🤖 AI Summary
This paper addresses the challenge of simultaneously achieving expressive provenance representation, efficient probabilistic inference, and scalability in probabilistic databases. We propose a general-purpose, provably correct probabilistic database system built atop PostgreSQL. Our system supports full relational algebra, bag semantics, and end-user aggregation, enabling fine-grained provenance tracking and exact probability computation for query results. To reconcile theoretical expressiveness with practical performance, we introduce a novel in-memory-mapped file storage mechanism for generic provenance circuits. Furthermore, we design a unified data model and SQL-compatible query interface that seamlessly integrates provenance and probabilistic reasoning. Experimental evaluation on multiple benchmarks demonstrates low overhead, strong horizontal and vertical scalability, and competitive performance against state-of-the-art specialized systems—validating its readiness for large-scale production deployment.
📝 Abstract
We present the data model, design choices, and performance of ProvSQL, a general and easy-to-deploy provenance tracking and probabilistic database system implemented as a PostgreSQL extension.

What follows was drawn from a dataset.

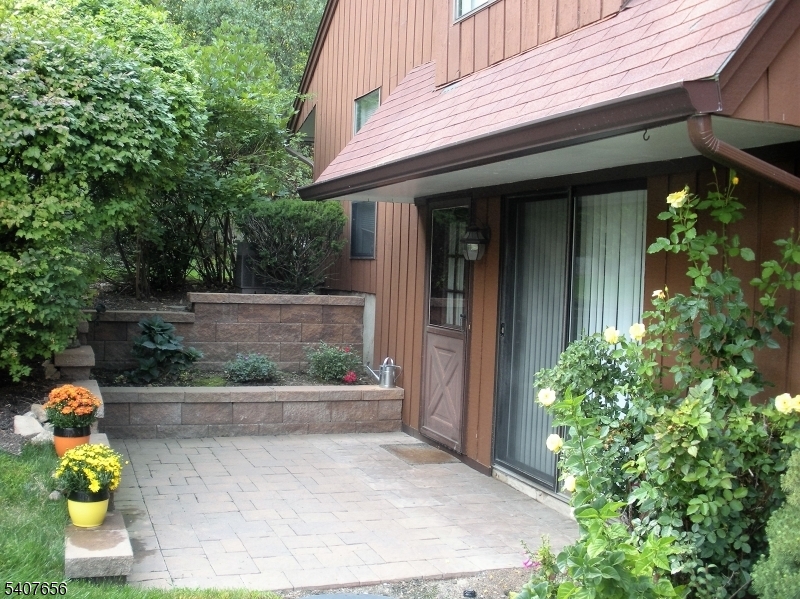 748 Upper Way Wharton, NJ 07885 - Photo 3 of 40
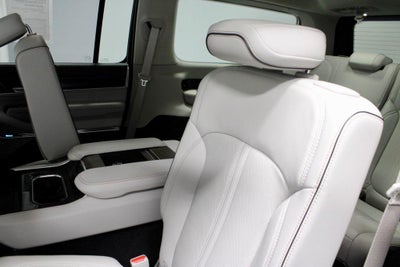 2023 Jeep Grand Wagoneer Series II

ProvSQL's data and query models closely reflect that of a large core of SQL, including multiset semantics, the full relational algebra, and terminal aggregation. A key part of its implementation relies on generic provenance circuits stored in memory-mapped files. We propose benchmarks to measure the overhead of provenance and probabilistic evaluation and demonstrate its scalability and competitiveness with respect to other state-of-the-art systems.